# Strongway Deluxe Rolling Garden Seat



## FlowRider (Apr 7, 2019)

So today is my birthday.

My beautiful bride, a/k/a the Birthday Fairy 🧚‍♀️ ordered me a Strongway Deluxe Rolling Garden Seat so I can use it when I am working on the lawn tractor or ATV, washing the cars/truck/motorcycles, or putzing around in the flowerbeds and weeding the tree rings.

I use my rolling mechanic stools but they roll so well they take off down the driveway if you get out of the seat.... Plus the wheels are on casters.

So she ordered one on sale, and got it shipped to the store for free.

I look forward to trying this out. I think it will help my old knees out and also keep me from injuring my back from bending over when having to do any stoop labor tasks (hand pulling weeds from the beds - I don't spray around my trees and ornamentals, so I have to yank them out).

Cheaper than a trip to the doctor or an ambulance ride to the ER...!

Anyway, picked it up on the ride home, and here it is:



Still have to unbox it and assemble it, so that is my next lawn project.

Not sure if there is a lot of interest in these but I figure some of you might be looking for something to make labor-intensive tasks a little easier.

I know I look forward to using this thing to make it easier on me to work around the yard and in my driveway and garage....

I have the feeling the Birthday Fairy 🧚‍♀️ may try to snag it to use, too!


----------



## FlowRider (Apr 7, 2019)

Video:

https://m.youtube.com/watch?v=8dh8phCy8io


----------



## FlowRider (Apr 7, 2019)

And now, it is time for a little wordless workshop on building a rolling garden seat:


----------



## FlowRider (Apr 7, 2019)




----------



## FlowRider (Apr 7, 2019)

Tomorrow I will air up the tires and take some pictures of the completed rolling garden seat.

But it is my birthday, so I am going to go listen to ****ie Betts play and eat a cupcake with my Birthday Fairy...!

Me loves me some cupcakes. &#129473;


----------



## TN Hawkeye (May 7, 2018)

FlowRider said:


> Tomorrow I will air up the tires and take some pictures of the completed rolling garden seat.
> 
> But it is my birthday, so I am going to go listen to ****ie Betts play and eat a cupcake with my Birthday Fairy...!
> 
> Me loves me some cupcakes. 🧁


Happy Birthday!
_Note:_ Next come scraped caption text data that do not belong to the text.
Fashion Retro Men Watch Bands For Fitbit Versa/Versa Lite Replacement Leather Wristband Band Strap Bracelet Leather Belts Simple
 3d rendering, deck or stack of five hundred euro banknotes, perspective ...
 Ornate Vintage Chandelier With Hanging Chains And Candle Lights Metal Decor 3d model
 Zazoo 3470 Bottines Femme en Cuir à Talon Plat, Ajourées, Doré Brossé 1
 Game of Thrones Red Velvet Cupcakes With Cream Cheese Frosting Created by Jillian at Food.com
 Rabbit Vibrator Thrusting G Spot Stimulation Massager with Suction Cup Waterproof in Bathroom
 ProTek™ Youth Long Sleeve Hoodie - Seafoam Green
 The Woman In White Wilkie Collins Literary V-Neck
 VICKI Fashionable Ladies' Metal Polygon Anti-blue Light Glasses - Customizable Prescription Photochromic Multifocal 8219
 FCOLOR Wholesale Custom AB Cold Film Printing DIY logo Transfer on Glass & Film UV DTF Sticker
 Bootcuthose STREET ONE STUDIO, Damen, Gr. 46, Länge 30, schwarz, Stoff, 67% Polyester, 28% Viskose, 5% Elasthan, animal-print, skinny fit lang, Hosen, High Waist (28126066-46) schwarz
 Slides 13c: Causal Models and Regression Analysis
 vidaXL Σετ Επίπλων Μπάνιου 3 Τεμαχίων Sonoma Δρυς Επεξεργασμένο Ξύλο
That thing looks awesome. Can't wait to see it in action.


----------



## ThomasPI (May 18, 2019)

Pretty sweet, be a bonus for my aching back.


----------



## FlowRider (Apr 7, 2019)

TN Hawkeye said:


> FlowRider said:
> 
> 
> > Tomorrow I will air up the tires and take some pictures of the completed rolling garden seat.
> ...


Thanks, @TN Hawkeye! I had a nice birthday. The Birthday Fairy took me out for dinner as a surprise.

I am not sure what happened when I uploaded the pictures. I had them in a logical sequence for how you build the unit, but I uploaded the pictures wirelessly, and some pictures loaded faster than others, and the pictures appeared out of order....

I like the rolling garden seat unit a lot. It is really heavy duty, and the pneumatic tires will help in rolling over obstacles.

I have some monkey grass in my front flowerbeds I am thinking of ripping out (the Birthday Fairy hates it) so it will save me a lot of muscle strain, joint stress, and back aches when I have to rip and dig that out. I have irrigation and utility lines to worry about so I have to dig it out by hand so I do not end up with a leak or short somewhere, or bust a sewer pipe.

No back problems, but bad knees, and I am getting older, so an ounce of prevention is worth a pound of cure, for sure.


----------



## FlowRider (Apr 7, 2019)

ThomasPI said:


> Pretty sweet, be a bonus for my aching back.


Thanks, @ThomasPI!

Yeah, I pulled some TOUGH weeds by hand out of a few beds so I could get the seed heads before they matured and dropped seed, but after that I was feeling sore and stiff, so I decided to try and find a better way to do that kind of work.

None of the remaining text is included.